### PROBLEM STATEMENT:
From the line containing "2026世界杯买球战略分析，一起看谁更具投资价值" to the final line of the material below, return every line exactly. Do not include pictures.
******
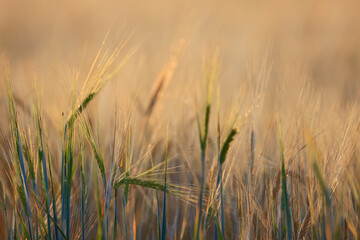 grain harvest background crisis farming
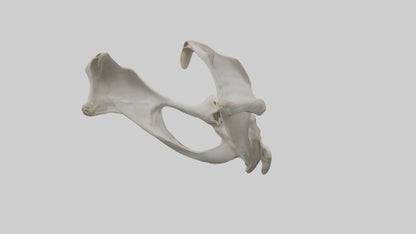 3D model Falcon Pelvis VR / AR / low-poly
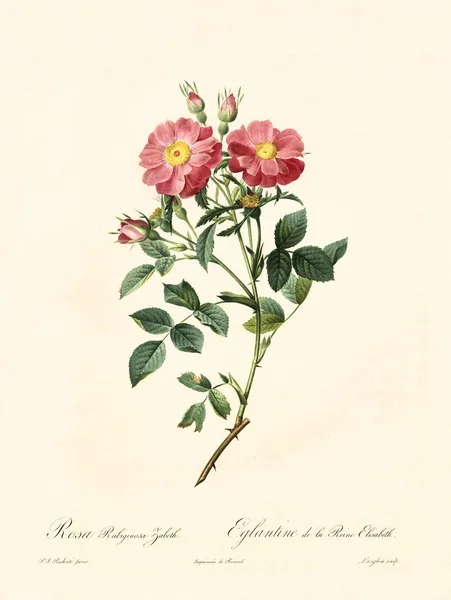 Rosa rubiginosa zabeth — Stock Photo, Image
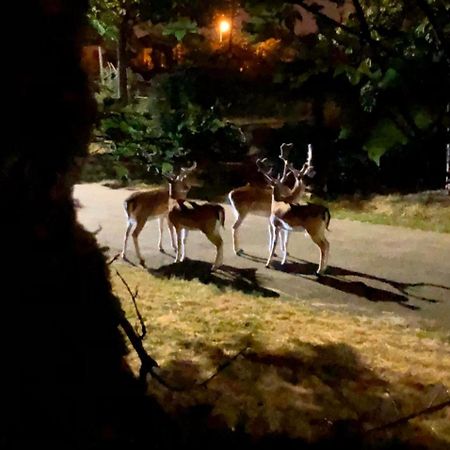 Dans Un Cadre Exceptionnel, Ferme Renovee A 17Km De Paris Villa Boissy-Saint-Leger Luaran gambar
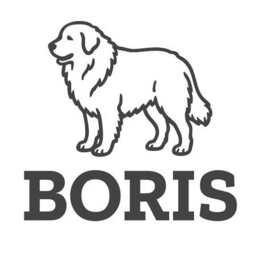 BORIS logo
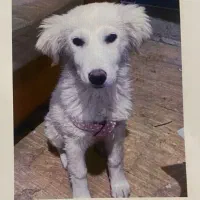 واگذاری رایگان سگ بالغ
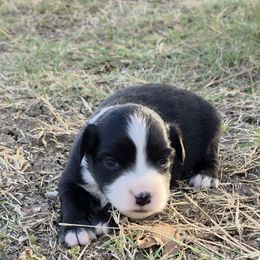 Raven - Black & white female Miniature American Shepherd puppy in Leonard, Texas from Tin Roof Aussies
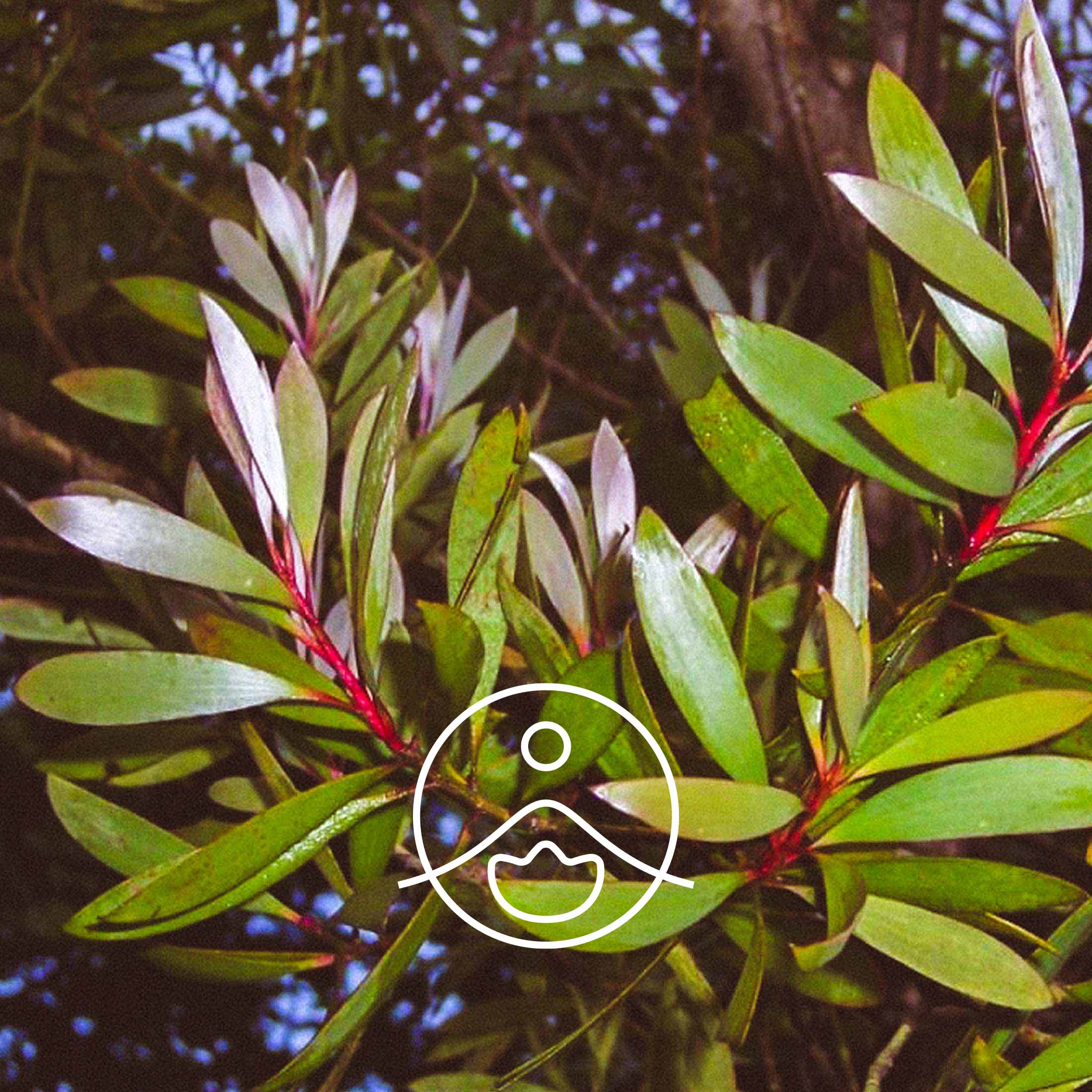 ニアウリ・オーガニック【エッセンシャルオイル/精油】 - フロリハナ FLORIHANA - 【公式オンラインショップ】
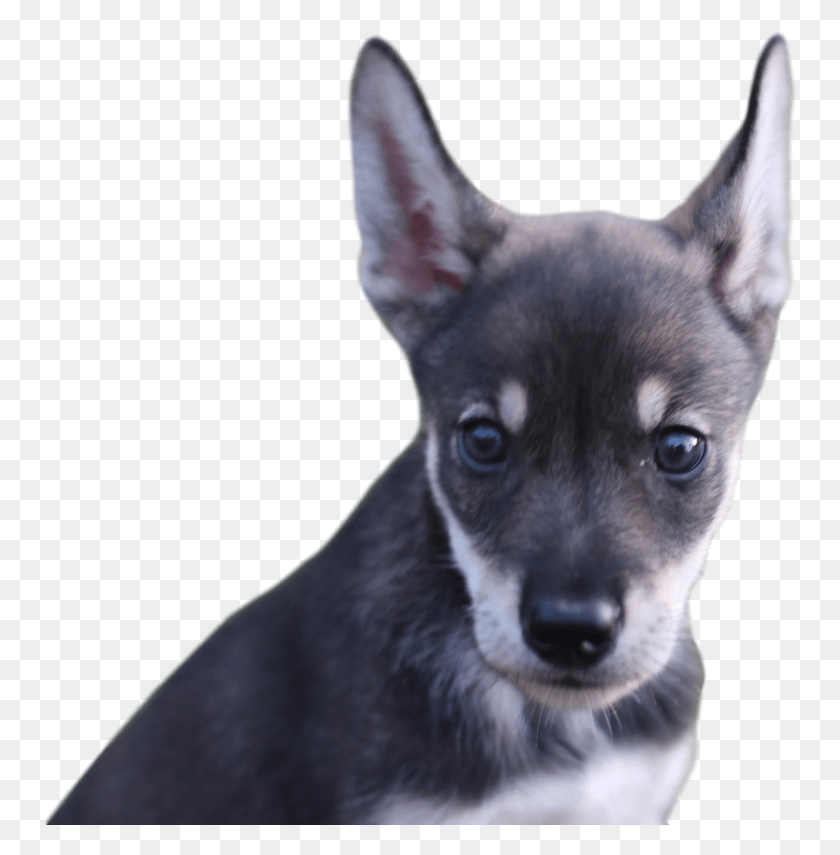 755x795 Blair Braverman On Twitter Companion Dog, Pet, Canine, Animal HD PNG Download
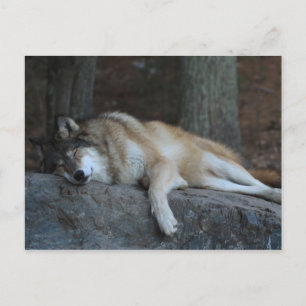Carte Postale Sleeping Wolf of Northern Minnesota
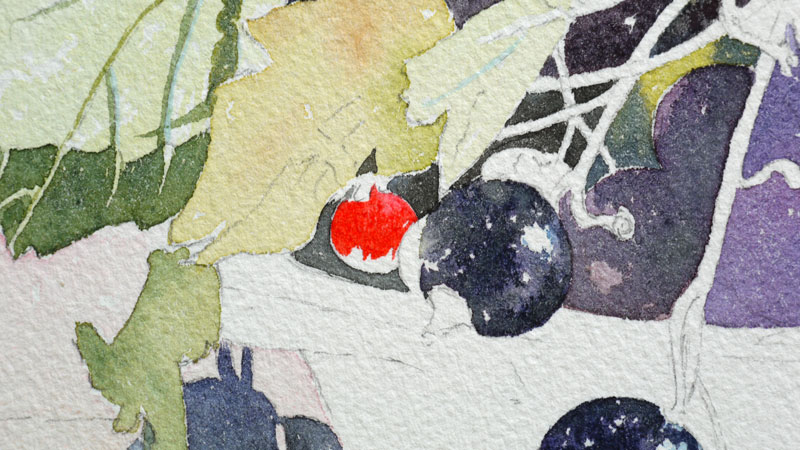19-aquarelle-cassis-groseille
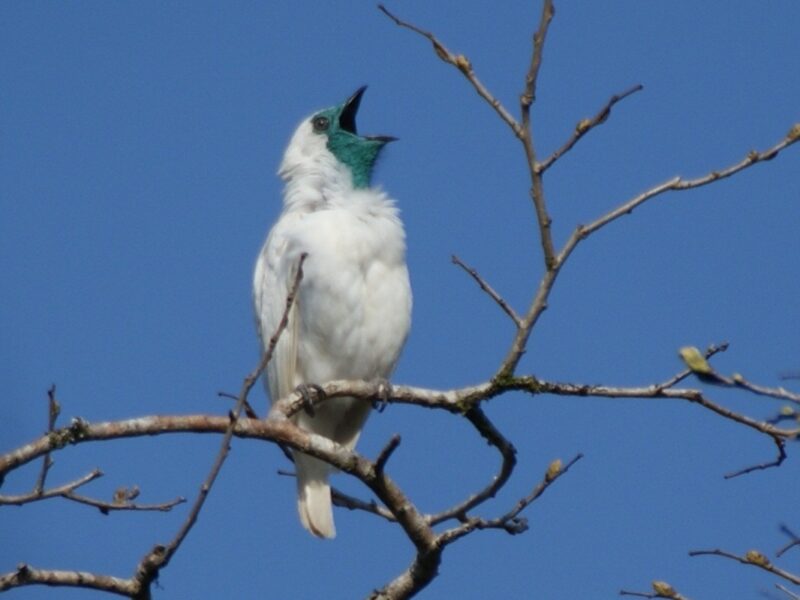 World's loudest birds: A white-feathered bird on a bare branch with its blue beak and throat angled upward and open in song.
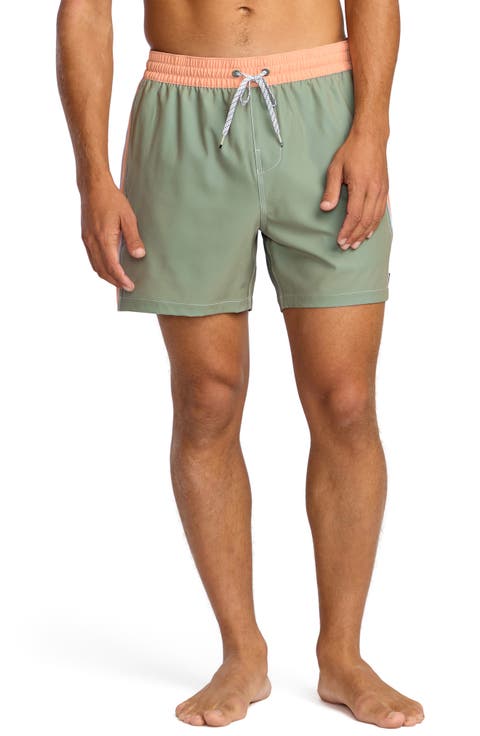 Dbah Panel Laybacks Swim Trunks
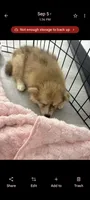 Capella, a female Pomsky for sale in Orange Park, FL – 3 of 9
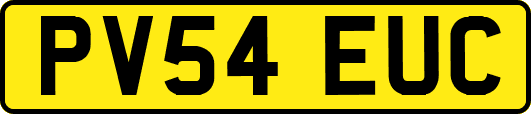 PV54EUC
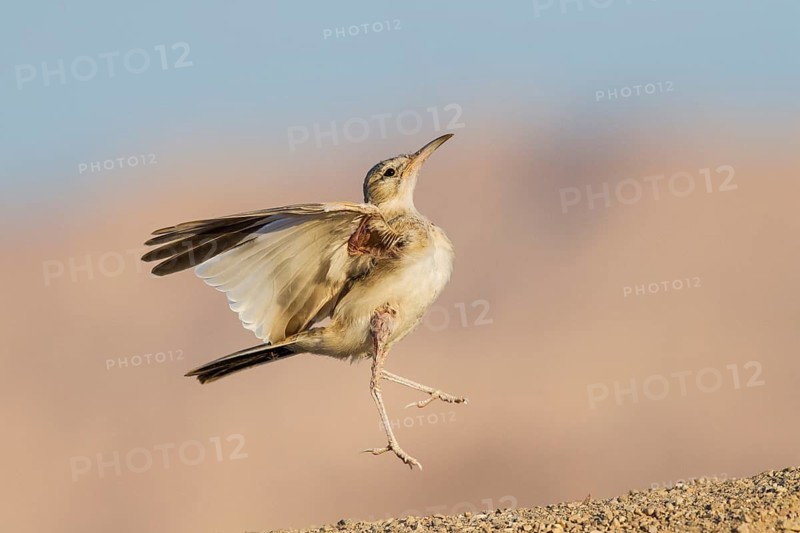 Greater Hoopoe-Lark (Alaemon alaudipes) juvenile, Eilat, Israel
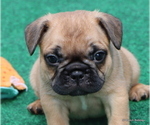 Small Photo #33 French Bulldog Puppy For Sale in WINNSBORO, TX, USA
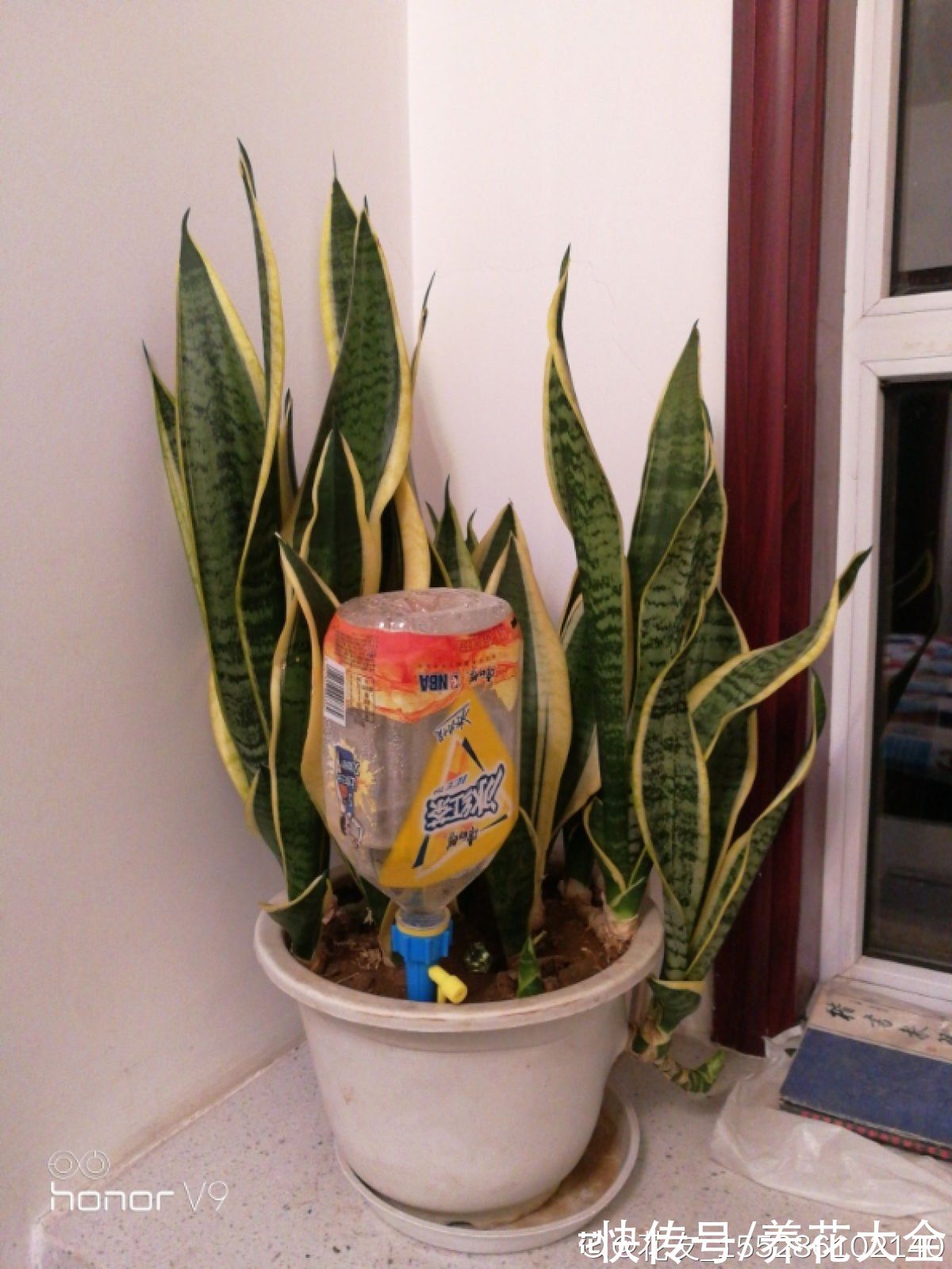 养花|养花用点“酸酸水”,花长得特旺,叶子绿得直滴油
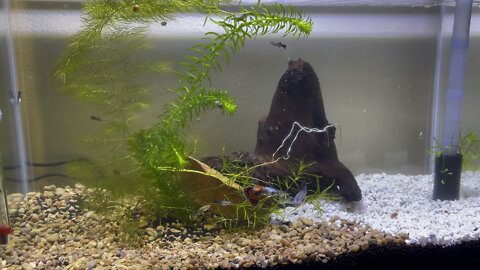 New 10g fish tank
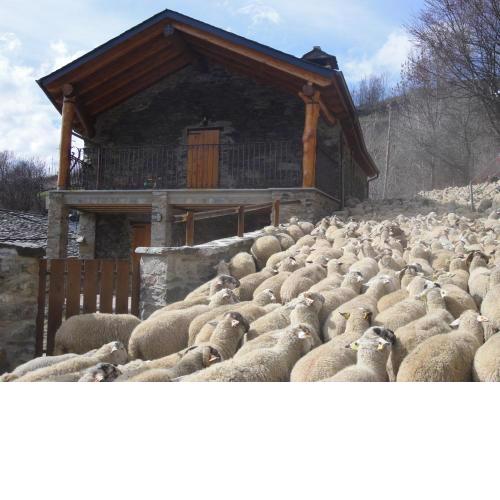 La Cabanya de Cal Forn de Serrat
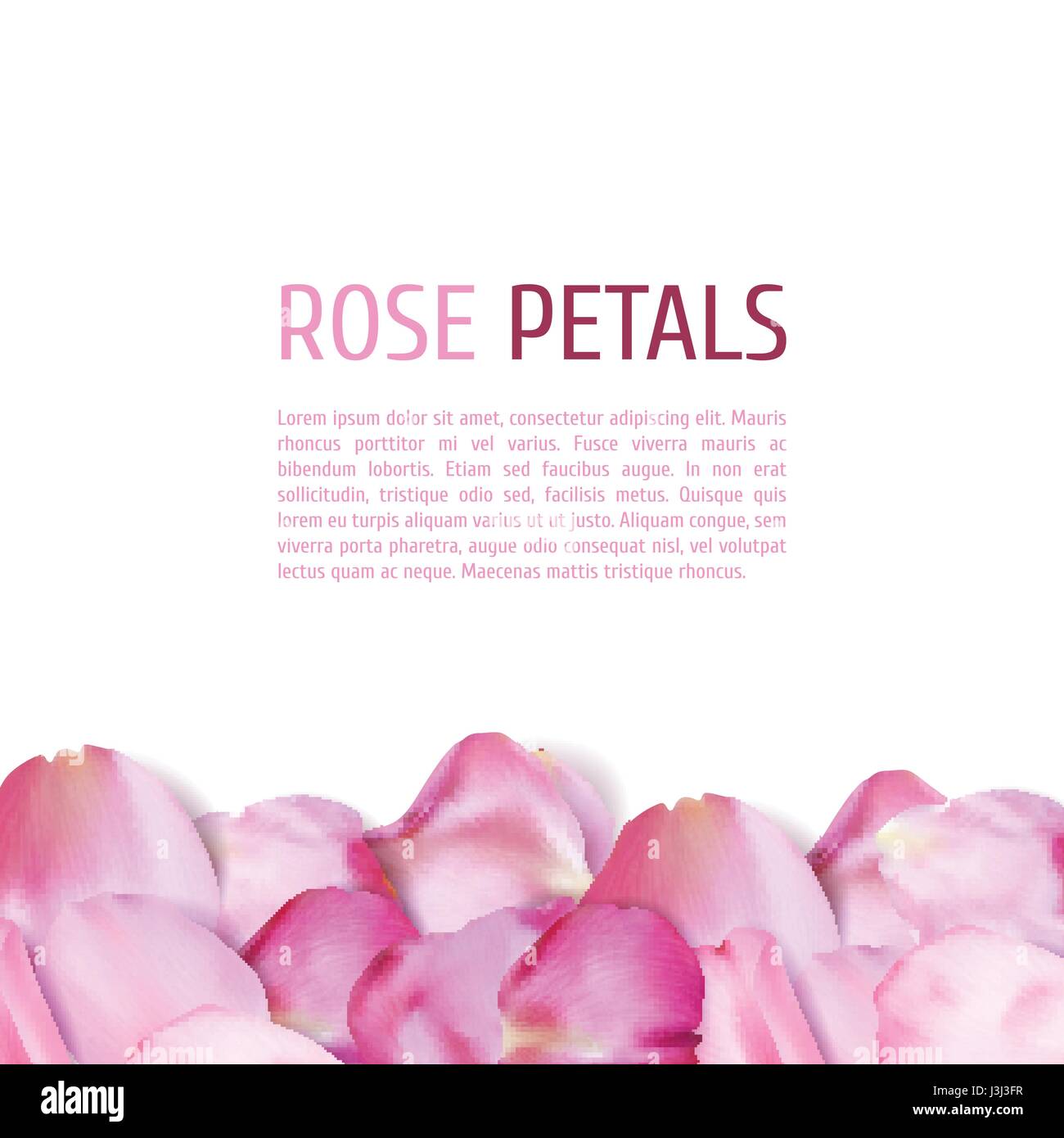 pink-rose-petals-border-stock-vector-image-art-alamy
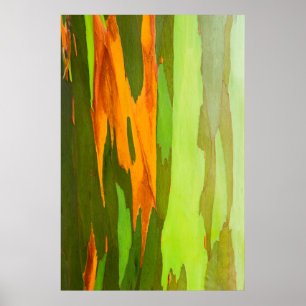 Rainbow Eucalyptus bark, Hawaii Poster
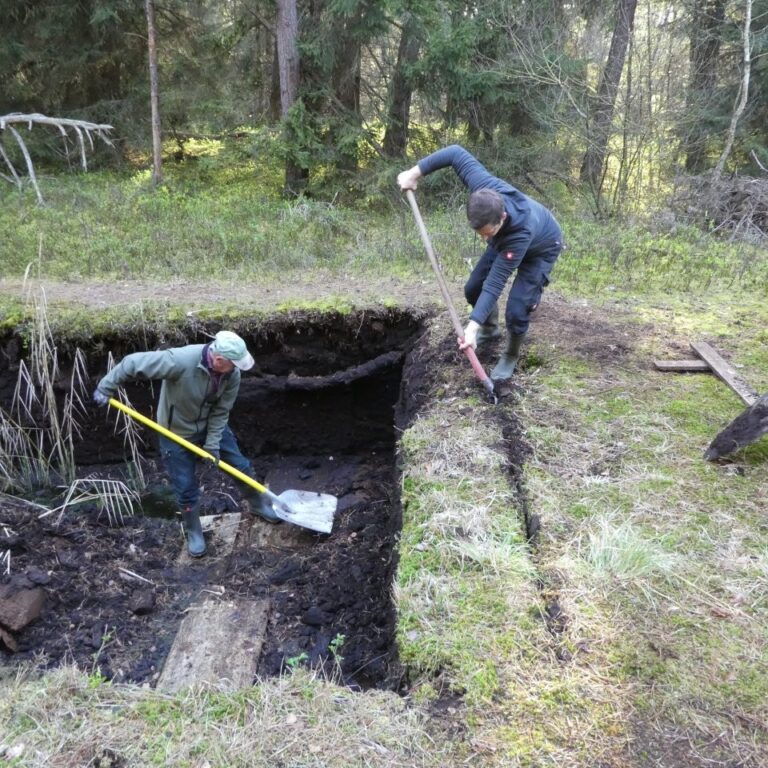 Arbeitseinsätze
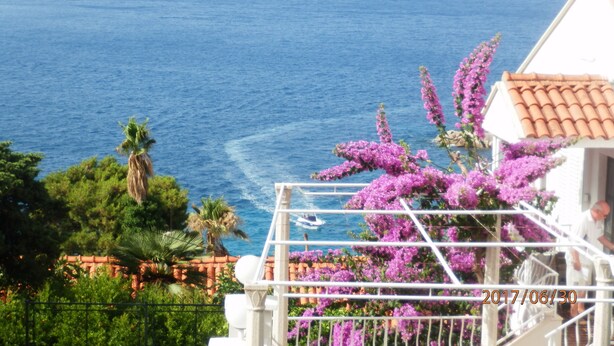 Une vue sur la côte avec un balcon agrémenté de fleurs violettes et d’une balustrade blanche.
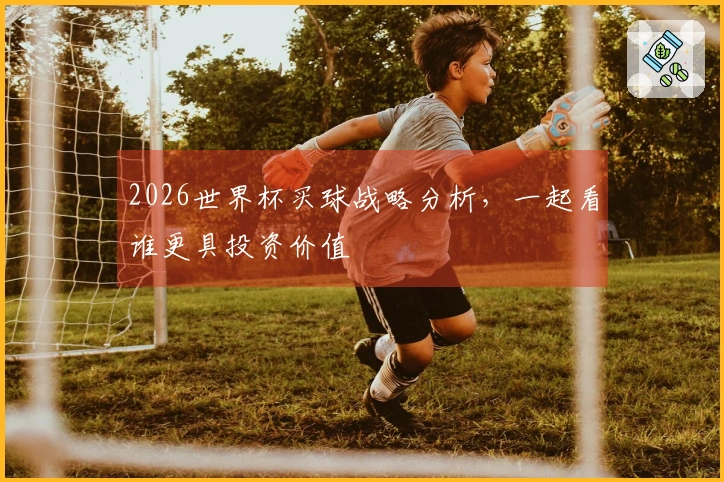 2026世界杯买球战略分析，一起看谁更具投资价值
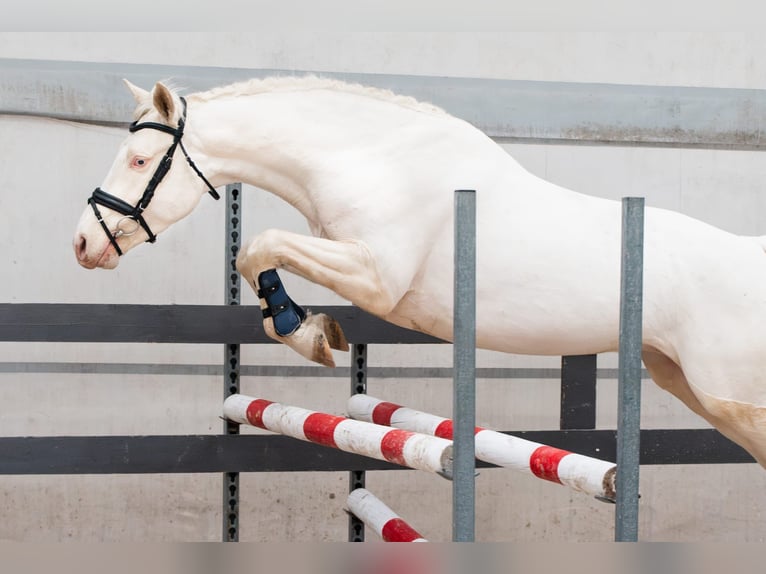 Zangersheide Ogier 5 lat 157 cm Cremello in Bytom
******
### EXERCISE OUTPUT:
 2026世界杯买球战略分析，一起看谁更具投资价值
 Zangersheide Ogier 5 lat 157 cm Cremello in Bytom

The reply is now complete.